Earlier yesterday, the Framework Plan was approved for the first time in nine years.

The Prime Minister said last night that although parliamentary sessions are now postponed until the autumn, she reserves the right to convene parliament this summer when the National Audit Office’s report on the controversial sale of the state’s shares in Íslandsbanki is published, which is expected in July.

Natural disasters of unimaginable magnitude

Other issues that were brought up last night included a parliamentary resolution on ecological murder, or ecocide, and a bill that makes it easier for survivors of domestic violence to get a divorce.

The purpose of the proposal is to ensure the legal status of nature so that justice can be executed on its behalf. In an announcement, Andrés Ingi Jónsson, Member of Parliament for Pírata, says that natural disasters of almost unimaginable magnitude are committed every single day by large companies and institutions around the world.
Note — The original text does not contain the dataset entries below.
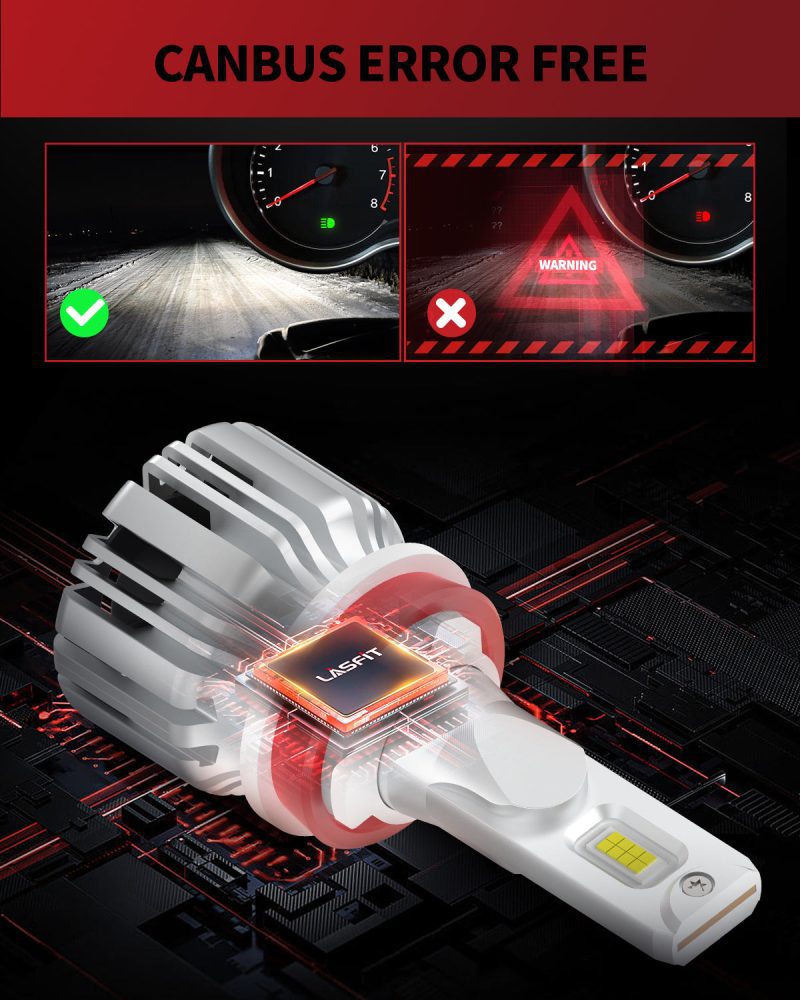 LCplus H11 LED bulbs canbus error free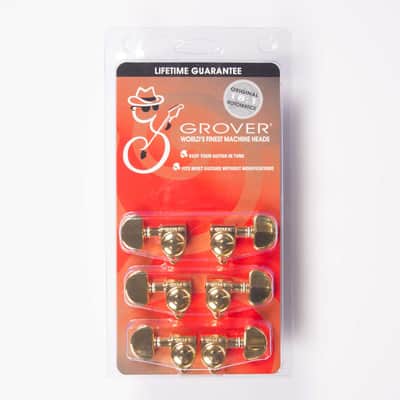 Grover 102-18G Original Rotomatic 18:1 Tuners 3x3 Gold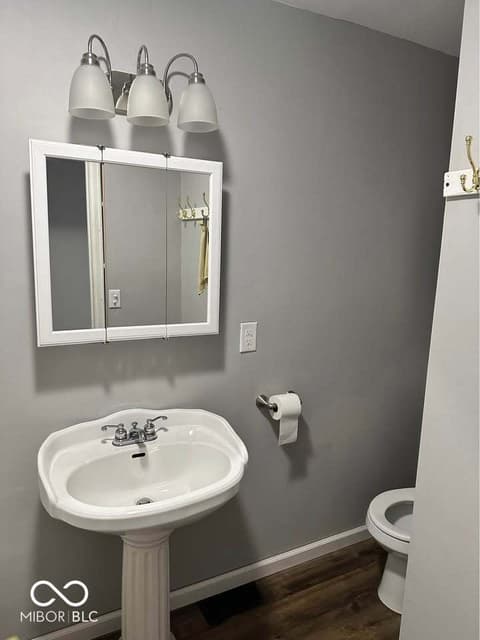 Bathroom at 8757 Routiers Court, Indianapolis, IN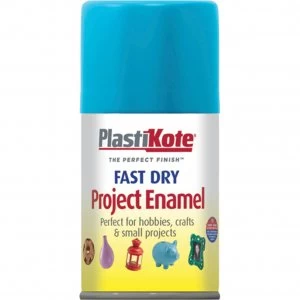 Image of Plastikote Dry Enamel Aerosol Spray Paint Sky Blue 100ml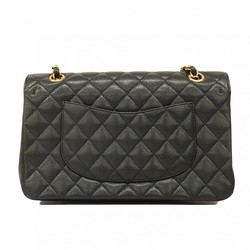 Chanel Shoulder Bag Matelasse Caviar Skin Black Women's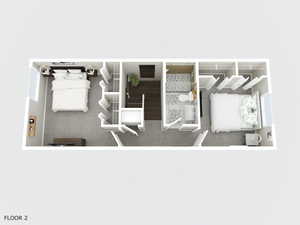 View of floor plan / room layout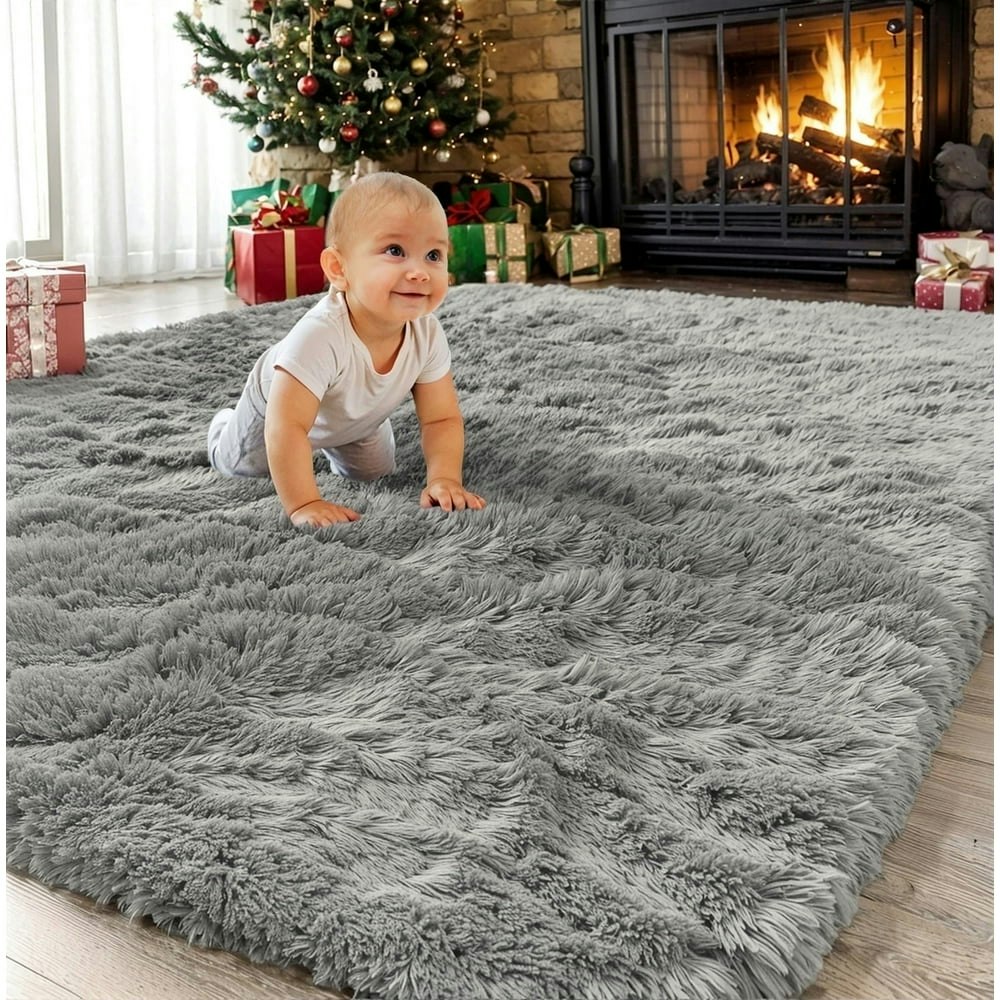 Sanmadrola 6.5'x7.5' Shag Area Rug: $35.99 Sanmadrola 6.5'x7.5' Shag Area Rug: $35.99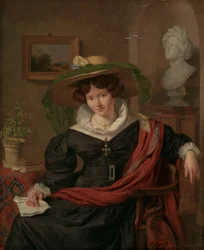 Portrait de Carolina Frederica Kerst, épouse de Louis Royer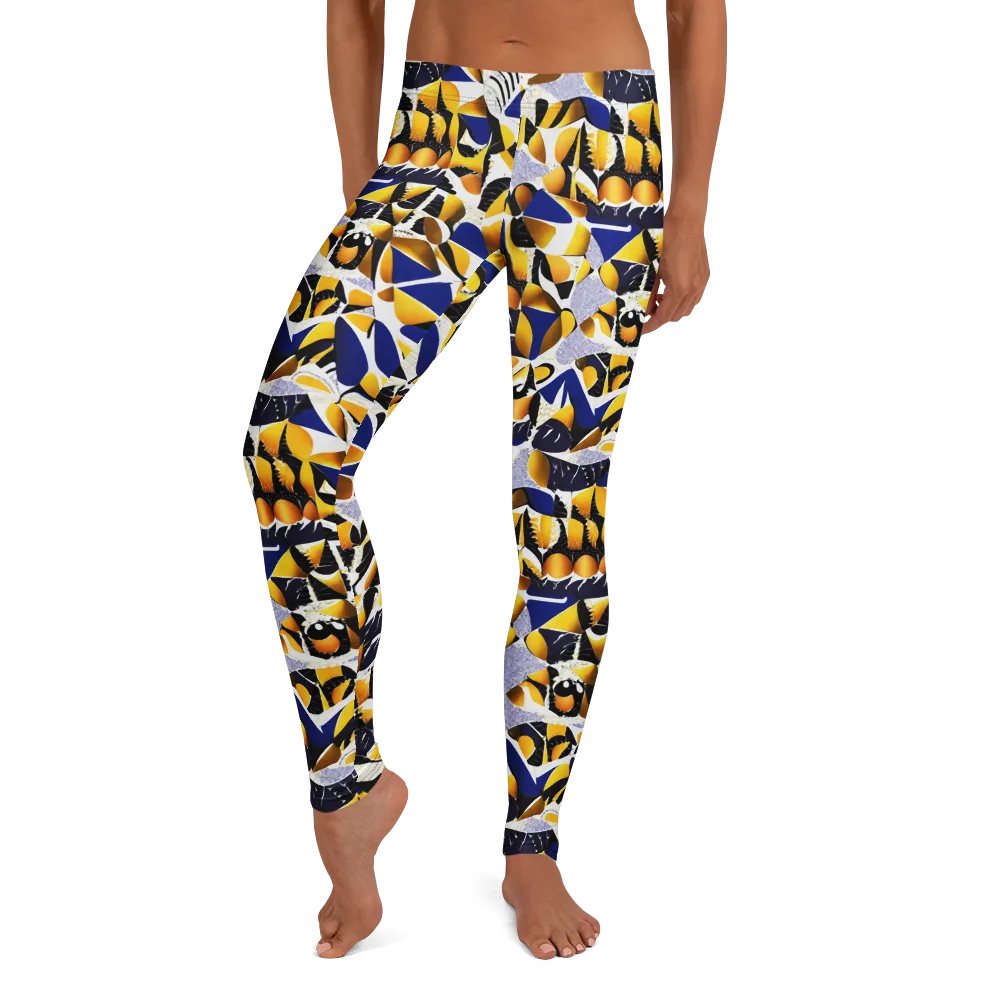 Marigold Current on Leggings — Front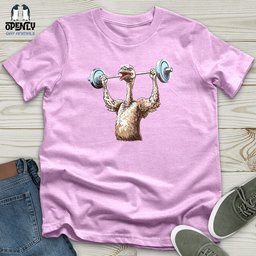 Ostrich Powerlifting Champ Unisex T Shirt Gift For Animal Lover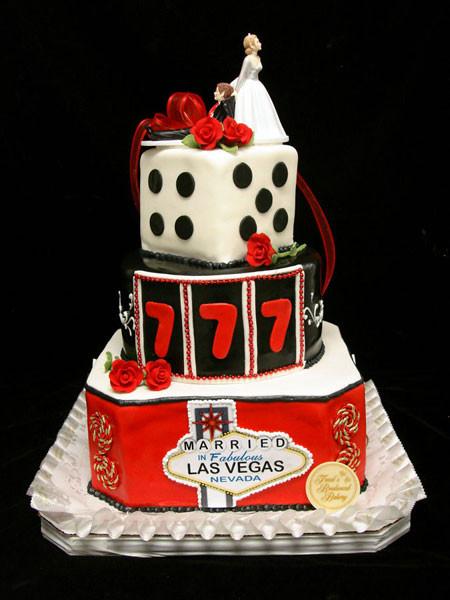 Lucky Black Wedding Cake Freed's Bakery 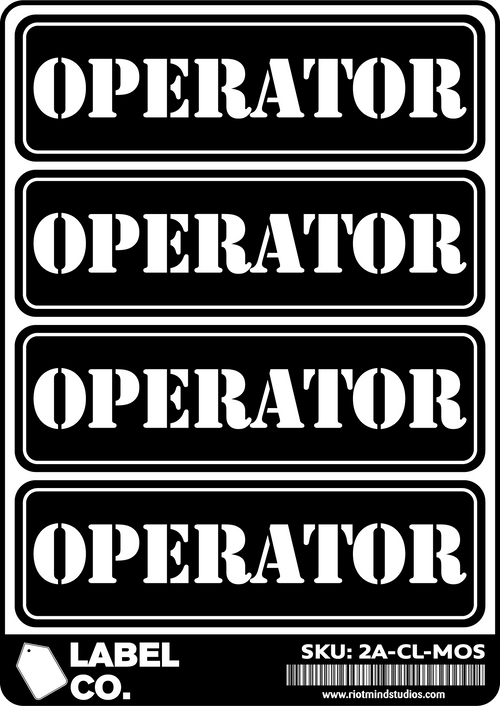 2A Safe & Ammo Case Labels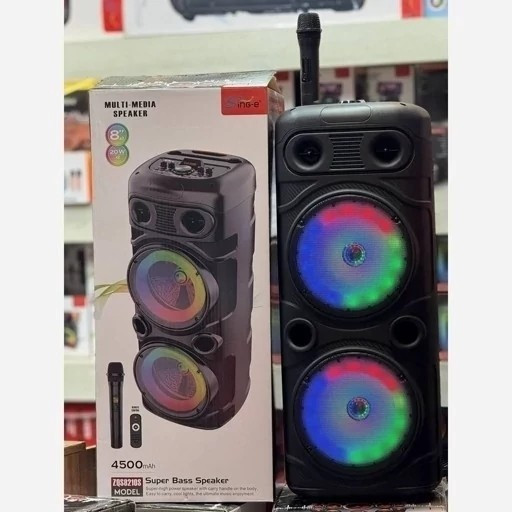 اسپیکر اصلی ZQS 8210S بلوتوثی قابل حمل بهمراه کنترل و میکروفون جدید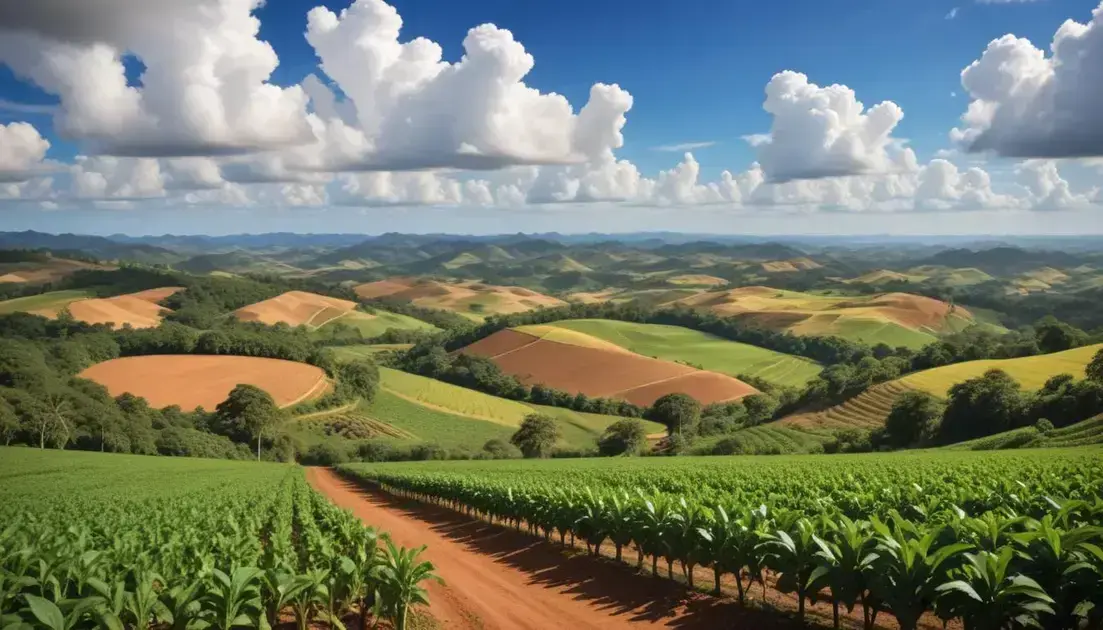 Potencial agrícola em diferentes regiões do Brasil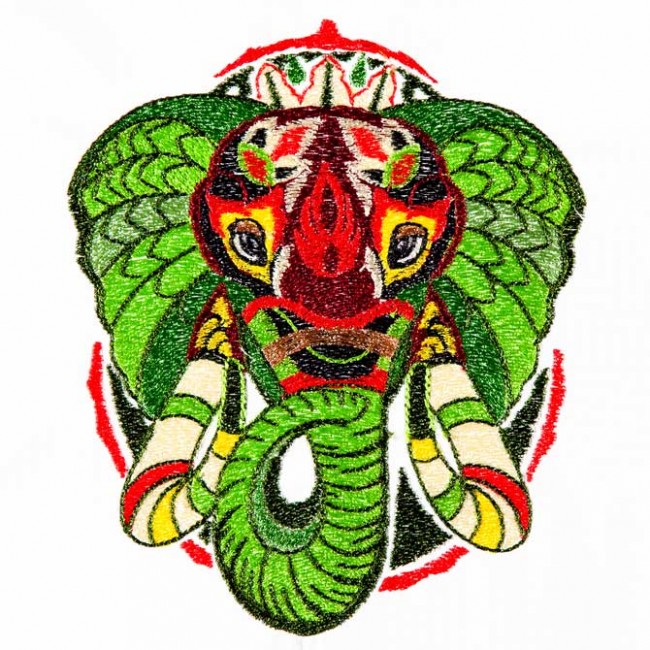 BFC1486 Decorative Elephants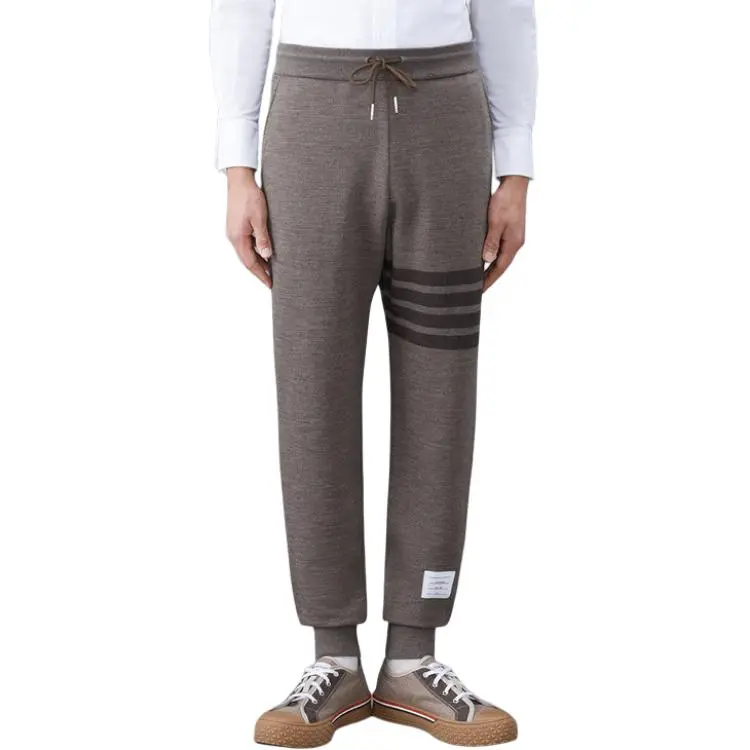 Thom E Four Bar Drawstring Joggers-3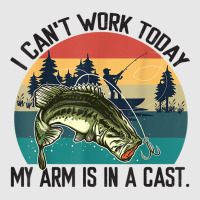 Mens I Can't Work Today, My Arm Is In A Cast, Fishing Vintage T Shirt Hoodie & Jogger Set | Artistshot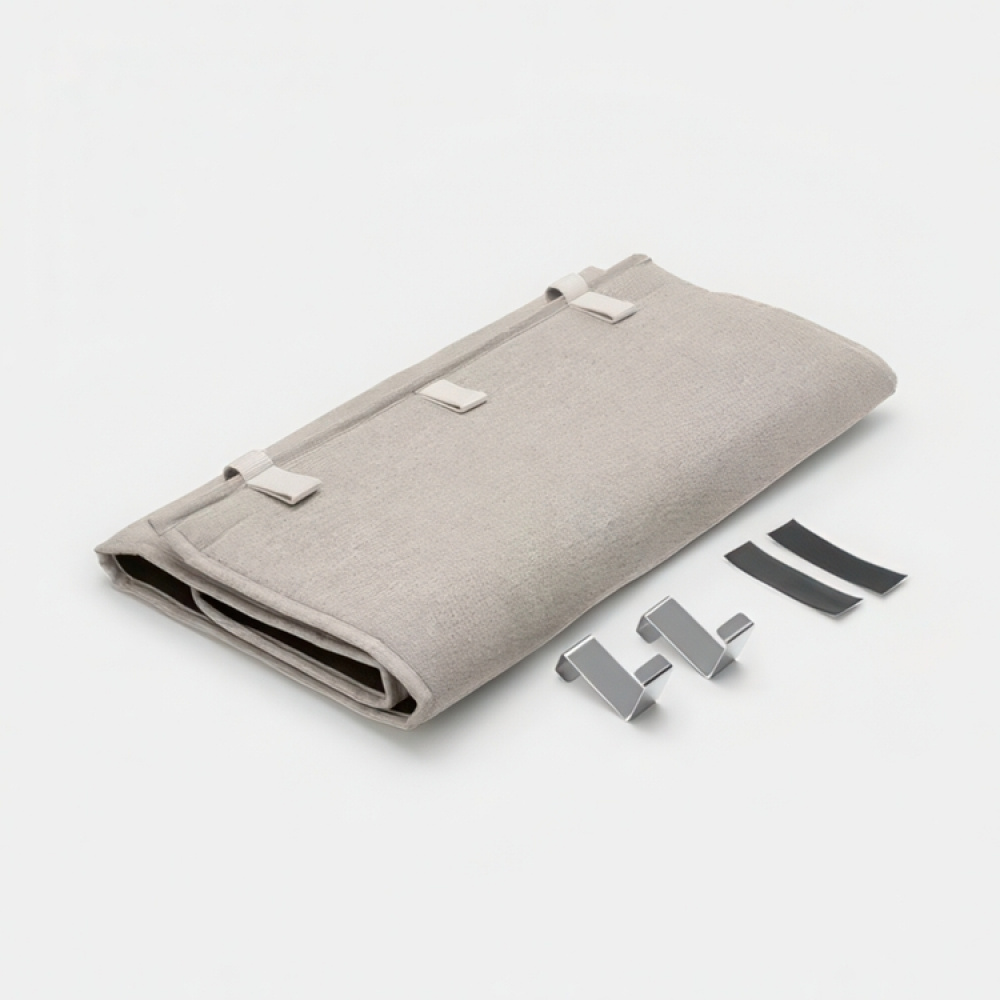 Steaming-Filt, Över dörr, BRABANTIA DOOR STEAM BLANKET, 51 x 0,8 x H 110 cm , Beige-Grå i gruppen Förvaring / Tvätt och tork / Stryktillbehör hos SmartaSaker.se (42810)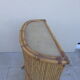 Scandinavian vintage rattan bar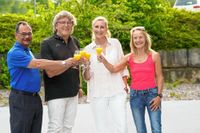 Der ehemalige Geschäftsführer und drei seiner Präsidenten. Links Dr. Heinrich Reidelbach (seit 2016 im Amt), dazu Anke Lončarić (1994 bis 2010) und Annette Bronder (2010 bis 2016). Der erste Präsident, mit dem der Tailfinger arbeitete, war Karl-Heinz Reinheimer (verstorben im Jahr 2013).       Bild: Dettenmeyer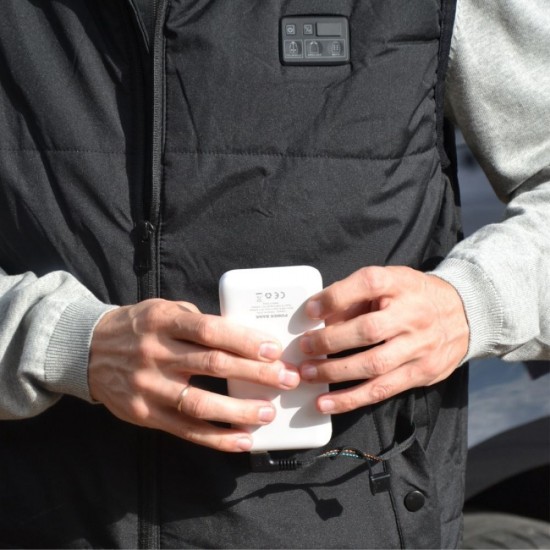 Жилет з підігрівом Thermalli Morzine чорний - 10100305-01XL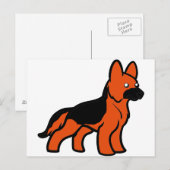 Cartoon Postkarte (Vorne/Hinten)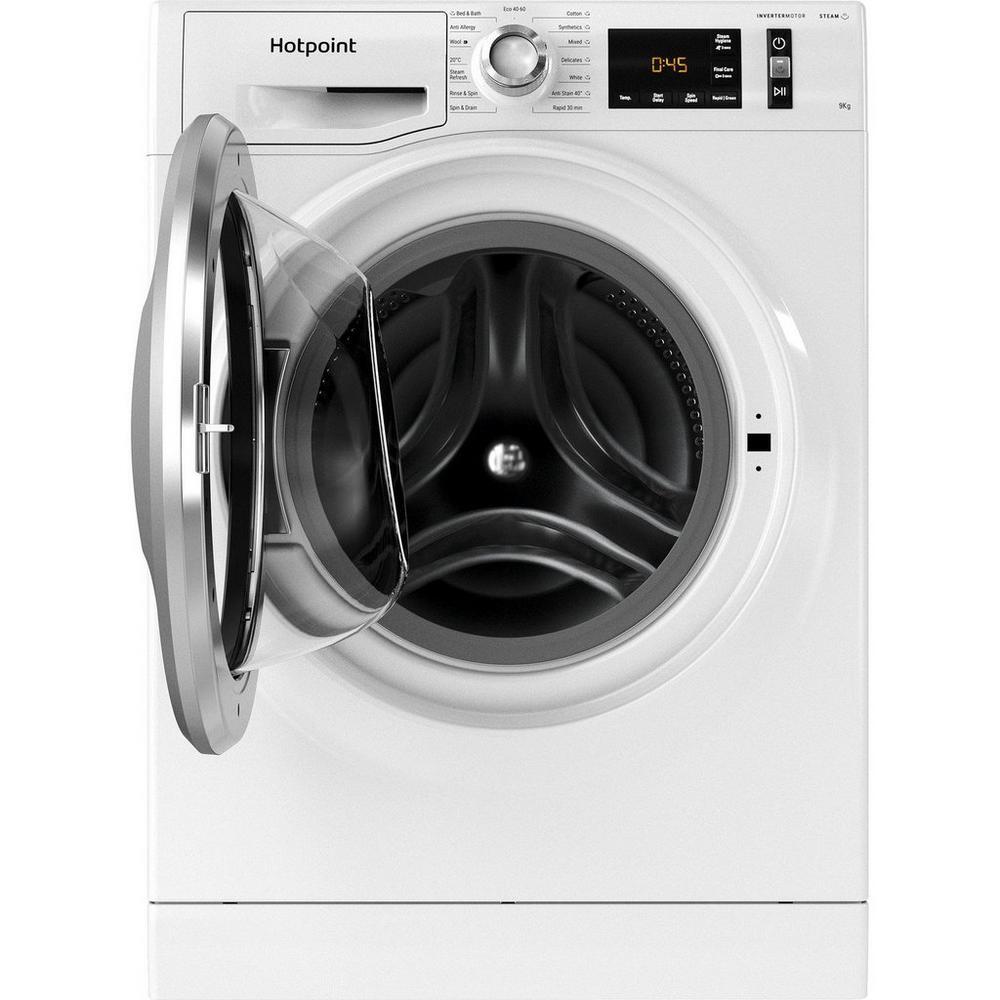 Hotpoint NM11948WSAUK 9kg 1400 Spin Washing Machine White - View 2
“Our struggle for the recognition of ecocide as a criminal act and its implementation in international and domestic criminal law finally paid off today when the Parliament referred our parliamentary resolution proposal to the government,” says Andrés.

Support for survivors of domestic violence

Survivors can now claim a legal divorce if the spouse confesses to their crime or has been convicted of it, there is information from the police confirming the call for domestic violence, other documents such as a certificate of injury or a psychologist’s assessment indicate that the couple is requesting a divorce, a child living with them has been subjected to violence by the spouse, or an overall assessment of the situation and information for other reasons gives reason to believe that the couple demanding divorce or a child living with them has been subjected to violence by the spouse.

Hanna Katrín Friðriksdóttir, the bill’s sponsor, says this is a great legal remedy for people in a vulnerable position.

“Long-awaited amendments to the marriage law are finally in place after the Parliament approved Viðreisn’s bill that facilitates the divorce process for victims of domestic violence. We at Viðreisn are proud of this issue and grateful for the support,” says Hanna.